Through habit I sometimes commit the sin of detraction. I am trying my best to overcome it and have made great strides, but would like a few things clarified- what factors affect whether the sin is mortal or venial? I have come to the conclusion that if I speak of someone else’s mortal sins it is a mortal sin- another’s venial sins a venial sin, etc. I also understand that the number of persons one tells detractions to and the person in question affect the gravity of the sin- is this true?
Detraction (gossiping about people’s flaws) is something people do to hurt others because they believe it will make others respect THEM more or see them as better people or more holy and pious individuals than they really are. Quite the contrary is true.
Learn to recognize in yourself the beautiful, kind, and humble person you are and you will no longer feel the need to hurt others.

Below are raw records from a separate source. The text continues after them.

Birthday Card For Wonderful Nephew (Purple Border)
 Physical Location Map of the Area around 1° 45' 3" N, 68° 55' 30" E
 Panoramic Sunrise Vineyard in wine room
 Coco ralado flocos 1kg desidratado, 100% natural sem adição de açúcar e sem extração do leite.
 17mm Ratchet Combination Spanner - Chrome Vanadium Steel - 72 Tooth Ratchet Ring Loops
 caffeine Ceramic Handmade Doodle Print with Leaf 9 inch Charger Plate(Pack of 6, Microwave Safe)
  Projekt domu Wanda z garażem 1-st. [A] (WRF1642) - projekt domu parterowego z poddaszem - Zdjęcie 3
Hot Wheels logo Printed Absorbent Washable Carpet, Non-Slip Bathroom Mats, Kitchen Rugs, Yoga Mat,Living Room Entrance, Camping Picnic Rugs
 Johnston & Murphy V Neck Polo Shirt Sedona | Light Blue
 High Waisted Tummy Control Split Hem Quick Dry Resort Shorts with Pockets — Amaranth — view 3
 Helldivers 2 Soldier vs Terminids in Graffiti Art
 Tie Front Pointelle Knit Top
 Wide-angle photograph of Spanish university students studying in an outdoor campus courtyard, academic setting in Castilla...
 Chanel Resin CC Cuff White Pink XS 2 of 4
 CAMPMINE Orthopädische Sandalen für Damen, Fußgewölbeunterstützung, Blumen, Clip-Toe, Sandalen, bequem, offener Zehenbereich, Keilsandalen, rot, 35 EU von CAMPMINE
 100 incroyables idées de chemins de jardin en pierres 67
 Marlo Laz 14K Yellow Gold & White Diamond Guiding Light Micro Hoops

Amen. Great advice. I struggle with this myself. I hate the back-biting. I hate it, but I have certain friends, not too many, but a few, with whom I engage in it from time to time. Whenever I do so, I feel like a worm afterward. :o
*Detraction in a general sense is a mortal sin, as being a violation of the virtue not only of charity but also of justice. It is obvious, however, that the subject-matter of the accusation may be so inconspicuous or, everything considered, so little capable of doing serious hurt that the guilt is not assumed to be more than venial. The same judgment is to be given when, as not unfrequently happens, there has been little or no advertence to the harm that is being done.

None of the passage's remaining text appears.